PS. Szkopuł w tym, że obecnie już nie można. Moja instalacja zimą produkuje 2-4% energii względem lata. Nie wiem, czy starczyłoby to na dzień grzania poduszką elektryczną pod tyłkiem. :sweat_smile:

1 polubienie

Poduszka, jak sama nazwa wskazuje, nie służy do podkładania pod tyłek :upside_down_face:

1 polubienie

Faktycznie …
… ale weźmy takie krzesło pod tyłkiem, nie służy do krzesania … chyba że, trzymając się tematyki, krzesło elektryczne. :thinking: :wink:

Czy warto brać duży magazyn energii np. 30, czy jest to totalnie bez sensu? @czarny_rycerz

Nie wiem. Trzeba to przemyśleć pod kątem ekonomicznum. Programy rządowe i dotacje też bywają zawodne.
Najlepiej zapytać kogoś u kogo się to sprawdziło

A powiedz ile cykli ma gwarantowane? Jak długo gwarancja trwa? Nie ile deklarują a ile gwarantują.

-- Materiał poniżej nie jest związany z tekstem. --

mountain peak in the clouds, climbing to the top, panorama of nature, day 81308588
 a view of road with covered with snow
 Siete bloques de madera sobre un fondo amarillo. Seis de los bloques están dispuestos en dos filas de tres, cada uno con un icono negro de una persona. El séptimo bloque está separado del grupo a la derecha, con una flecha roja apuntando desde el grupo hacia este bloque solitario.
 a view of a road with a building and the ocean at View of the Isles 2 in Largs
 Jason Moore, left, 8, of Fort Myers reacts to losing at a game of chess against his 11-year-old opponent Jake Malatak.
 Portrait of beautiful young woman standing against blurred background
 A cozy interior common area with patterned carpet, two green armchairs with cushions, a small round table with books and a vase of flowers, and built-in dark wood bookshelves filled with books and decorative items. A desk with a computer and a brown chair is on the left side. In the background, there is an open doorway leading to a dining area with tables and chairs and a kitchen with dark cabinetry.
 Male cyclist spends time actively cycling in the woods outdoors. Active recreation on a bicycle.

Dobór instalacji należy w każdym przypadku kalkulować indywidualnie. Jeżeli jakaś firma, czy monter przychodzą do Ciebie z gotowym schematem i proponują rozwiązania z parametrami na zapas, należy pogonić takie towarzystwo. Podstawą jest oczywiście dotychczasowe zużycie energii elektrycznej, jak i te planowane, ale trzeba jeszcze brać pod uwagę parametry miejsca, gdzie będzie montowana instalacja pv, ponieważ kąt osi i płaszczyzny dachu będzie miał znaczący wpływ na wydajność instalacji. Nie są to skomplikowane wyliczenia, więc jeżeli ktoś nie przedstawi takiej kalkulacji opartej o Twoje indywidualne uwarunkowania, nie ma co brnąc we współpracę, ponieważ z tego do się orientuję, obecnie najbardziej opłacalną instalacją jest taka skrojona na miarę. Zbyt duża będzie w znaczącym stopniu niewykorzystana, lub w ekstremalnych przypadkach po prostu może wcale się nie zwrócić w trakcie całego cyklu użytkowania.
Ne jestem wyrocznią w tych kwestiach, niemniej uważam za słuszne, że zgodnie z przyjętymi obecnie zasadami, wielkość magazynu energii powinna być rzędu 1-1,5 mocy paneli. W przypadku magazynu “na wyrost” w miesiącach szczodrych w energię ze słońca większość energii w nim zgormadzona i tak nie będzie wykorzystana. Natomiast jesienią w końcu przyjdzie czas, że ten magazyn nie będzie naładowany i tak aż do wiosny.
Nie wiem, o jakiej mocy paneli jest mowa u Ciebie. Dla przeciętnego gospodarstwa domowego zazwyczaj wystarcza +/- 5kW. Nawet biorąc pod uwagę, że dla prosumentów indywidualnych obecnie montuje się maksymalnie 10kW a ktoś wciska magazyn 30kWh, jest to naciąganie w najczystszej postaci.